AIT Austrian Institute of Technology GmbH, Vienna, Austria

D. Langmayr

ANSYS Germany GmbH, Otterfing, Germany

D. Caridi

ANSYS Italia S.r.l, Milano, Italy

Paper No. GT2014-26858, pp. V01AT10A027; 10 pages
doi:10.1115/GT2014-26858
From:
  • ASME Turbo Expo 2014: Turbine Technical Conference and Exposition
  • Volume 1A: Aircraft Engine; Fans and Blowers
  • Düsseldorf, Germany, June 16–20, 2014
  • Conference Sponsors: International Gas Turbine Institute
  • ISBN: 978-0-7918-4557-8
  • Copyright © 2014 by ASME

abstract

Aerodynamic noise prediction is a major challenge in computational aeroacoustics due to the complexity of phenomena involved such as turbulence and laminar to turbulent transition. Accurate numerical methodologies, capable to provide reliable predictions in a reasonable computational time, are of large interest for the industrial design of Heating, Ventilation and Air-Conditioning (HVAC) systems. The objective of the present research work is to benchmark different CFD/CAA simulation setup (i.e. mesh topologies, boundary conditions) for predicting the broadband noise generated by low speed axial fans to develop guidelines for reliable and computationally affordable simulation.

In previous works the authors investigated the capabilities of the Zonal LES technique coupled with the Ffowcs Williams-Hawkings acoustic analogy for the prediction of the noise generated by an unducted low speed axial fan.

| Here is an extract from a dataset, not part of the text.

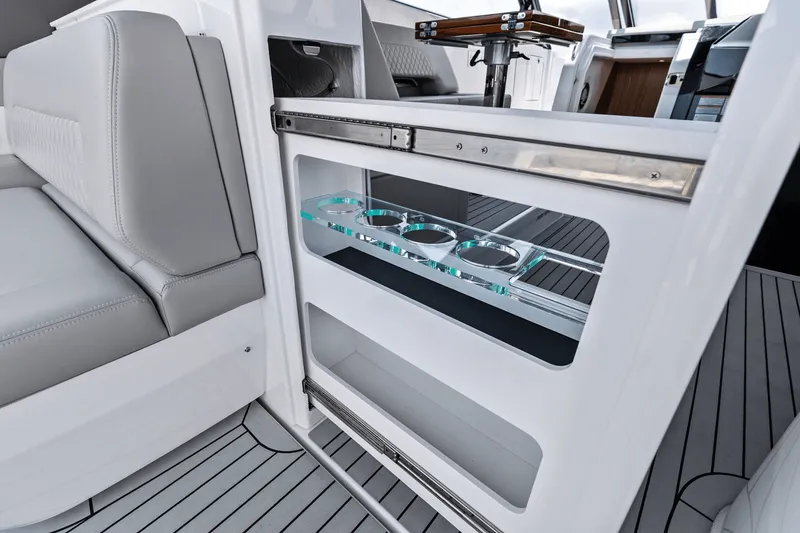 Slide: The Image of Cruisers Yachts 50 GLS Outboard 2025 - 39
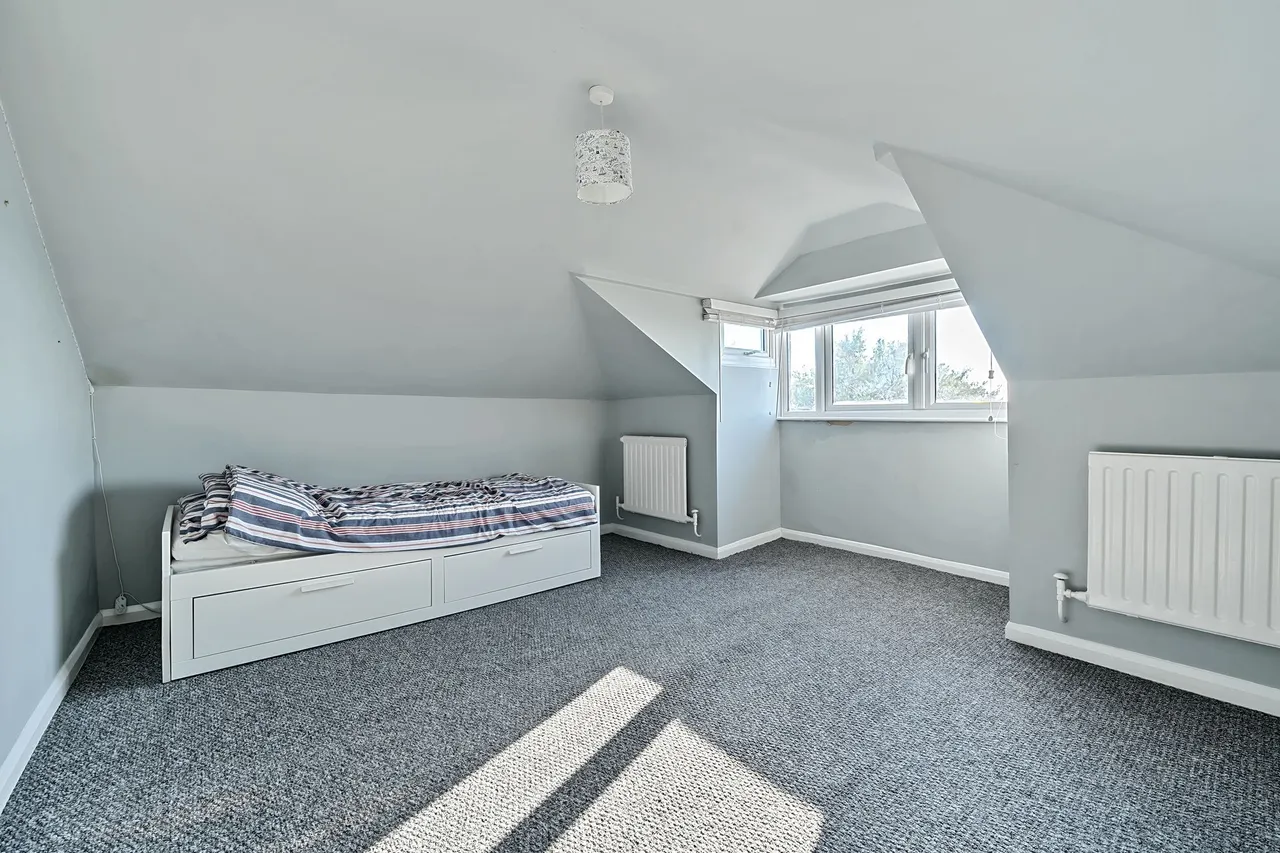 Clayton Road, Selsey, PO20, photo 14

The results showed a good agreement with aerodynamic and aeroacoustic experimental data.

Despite the achievements obtained so far, the high physical and numerical complexity of the problem calls for further investigations. The latest developments, presented here, focus on the impact of the mesh topology and the inflow turbulence on the far field noise prediction.

Two computational meshes with different topology are investigated: an unstructured-hybrid mesh, which can be generated with fast and highly automated methods, and a structured-hybrid mesh, which allows better control of the volume mesh around the blade. Both meshes are designed to adequately resolve the boundary layer, providing LES driven values of y+, x+ and z+ on the blade surface for the operating condition considered.

Two different levels of inflow turbulence are studied, one representing an ideal turbulence-free unbounded environment, and one mimicking the experimental measurements environment.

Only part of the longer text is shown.